Scientists develop strong and flexible graphene material
Rice University scientists developed a chunk of conductive graphene foam that is reinforced by carbon nanotubes.
Rice University scientists have developed a new “rebar graphene” material that offers both extreme strength and flexibility.
The Rice lab of chemist James Tour developed a chunk of conductive graphene foam that is reinforced by carbon nanotubes. This material can support over 3,000 times its own weight while easily bouncing back to its original height.

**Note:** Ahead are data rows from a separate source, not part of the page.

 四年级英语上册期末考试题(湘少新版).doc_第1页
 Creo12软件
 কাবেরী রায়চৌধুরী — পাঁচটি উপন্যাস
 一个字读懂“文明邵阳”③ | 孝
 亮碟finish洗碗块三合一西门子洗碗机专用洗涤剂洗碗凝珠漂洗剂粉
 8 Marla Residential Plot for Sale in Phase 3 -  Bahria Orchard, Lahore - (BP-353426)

The scientists also report that the material can be made into any shape and size and were able to demonstrate this by forming a screw-shaped piece of highly conductive foam. The team tested its new “rebar graphene” as a highly porous, conductive electrode in lithium ion capacitors and found it to be mechanically and chemically stable.
Carbon in the form of atom-thin graphene is among the strongest materials known and is highly conductive; multiwalled carbon nanotubes are widely used as conductive reinforcements in metals, polymers and carbon matrix composites. The Tour lab had already used nanotubes to reinforce two-dimensional sheets of graphene.

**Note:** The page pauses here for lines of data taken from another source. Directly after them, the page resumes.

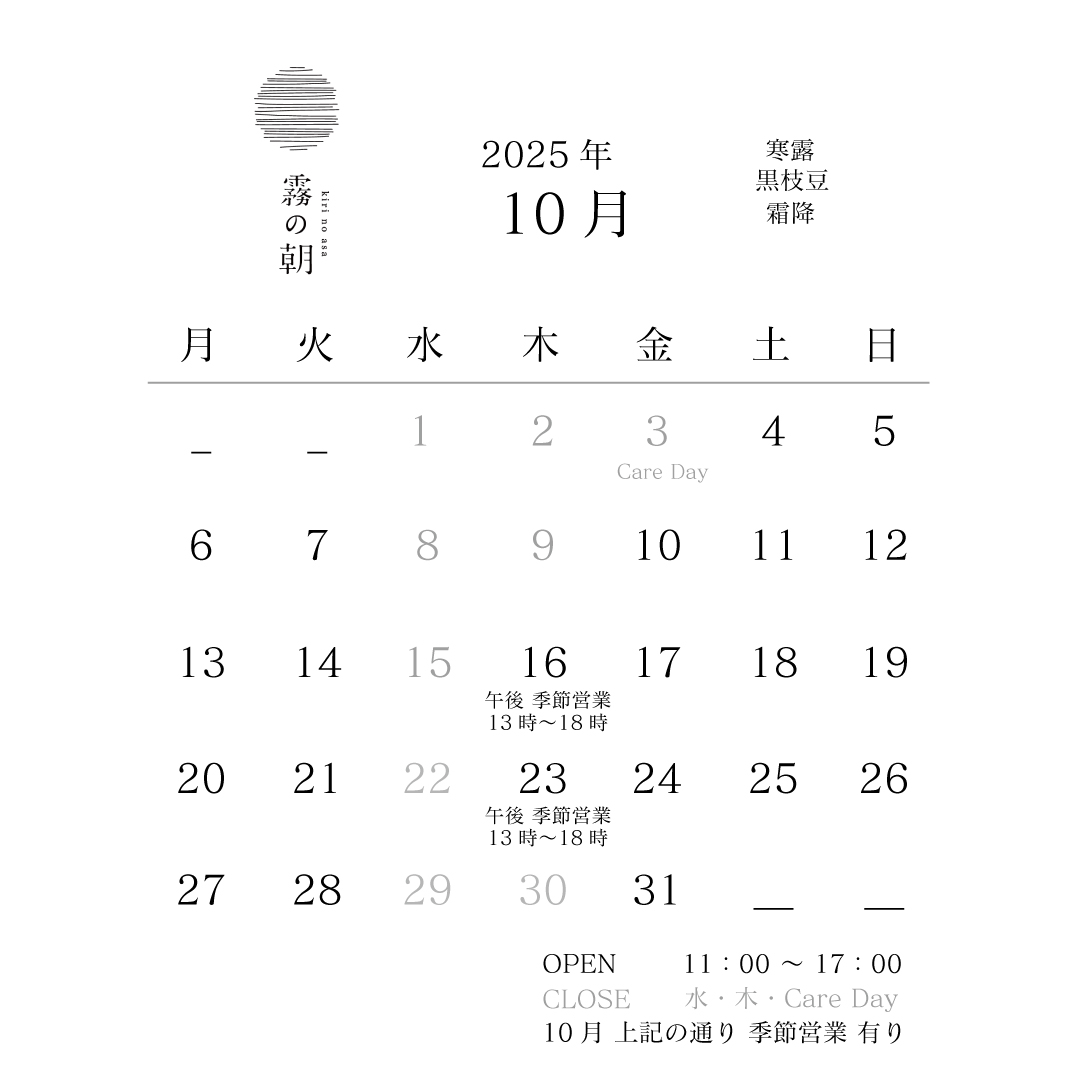 店舗営業日カレンダー202510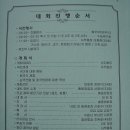 수원농생명과학고등학교 이미지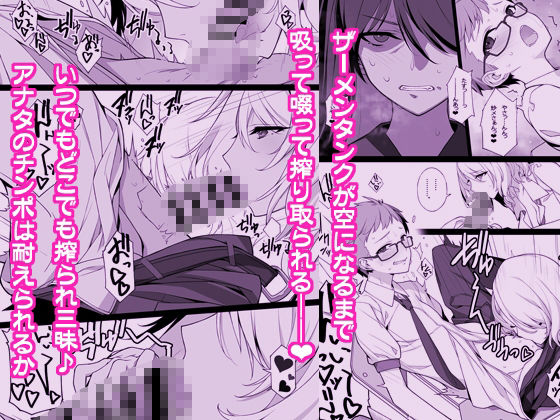 d_655342|搾精エージェント2069II|菊池政治|エロ同人 d_655342|搾精エージェント2069II|菊池政治|エロ同人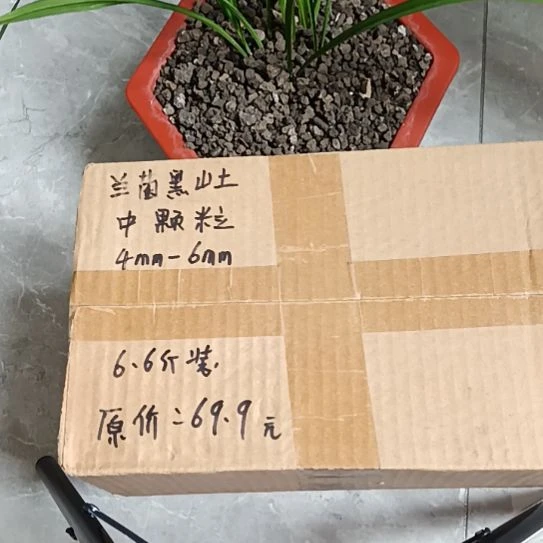 用***2兰菌黑山土中颗粒6.6斤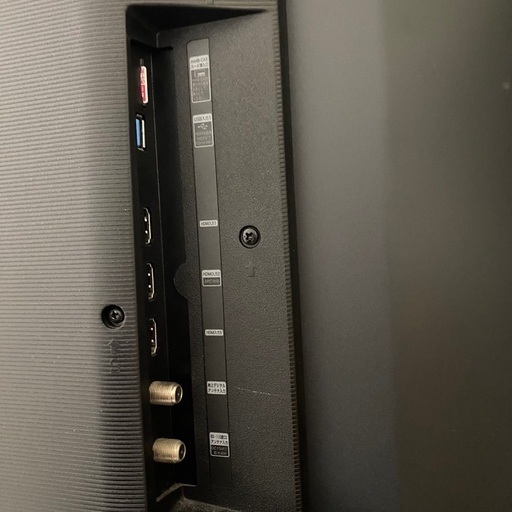 即日受渡❣️Hisense 4K50型液晶テレビ 映像鮮明に32500円 テレビ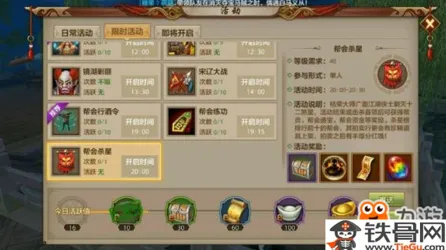 天龙八部手游2026新版送十连抽！休闲益智玩法2026新版开放苹果手机，单机冒险捏脸换装，零氪也能爽！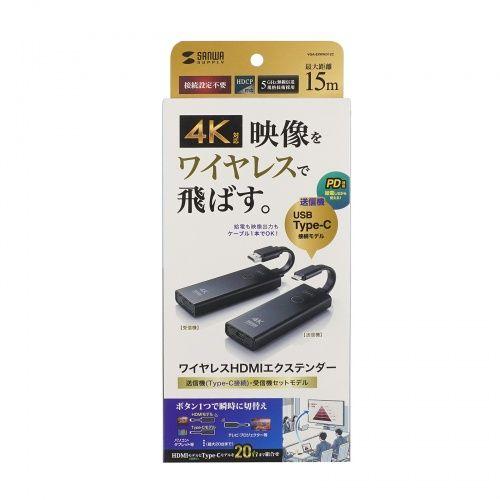 HEAD - せいちゃんHEAD perfect fit 25.5cm スノボブーツ T2新作 ティーセット お洒落に機能美 ティーポットカップ一体化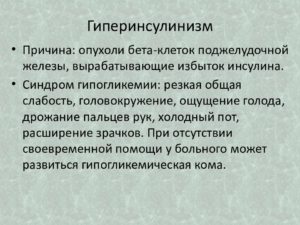 Гиперинсулинизм? Верно ли подобрано лечение?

“We developed graphene foam, but it wasn’t tough enough for the kind of applications we had in mind, so using carbon nanotubes to reinforce it was a natural next step,” Tour said.
The 3D structures were created from a powdered nickel catalyst, surfactant-wrapped multiwall nanotubes and sugar as a carbon source. The materials were mixed and the water evaporated; the resulting pellets were pressed into a steel die and then heated in a chemical vapor deposition furnace, which turned the available carbon into graphene.
After further processing to remove remnants of nickel, the result was an all-carbon foam in the shape of the die, in this case a screw. Tour said the method will be easy to scale up.
Graphene produced without the rebar could support only about 150 times its own weight while retaining the ability to rapidly return to its full height. But rebar graphene irreversibly deformed by about 25 percent when loaded with more than 8,500 times its weight.
The research appears in the American Chemical Society journal ACS Applied Materials and Interfaces.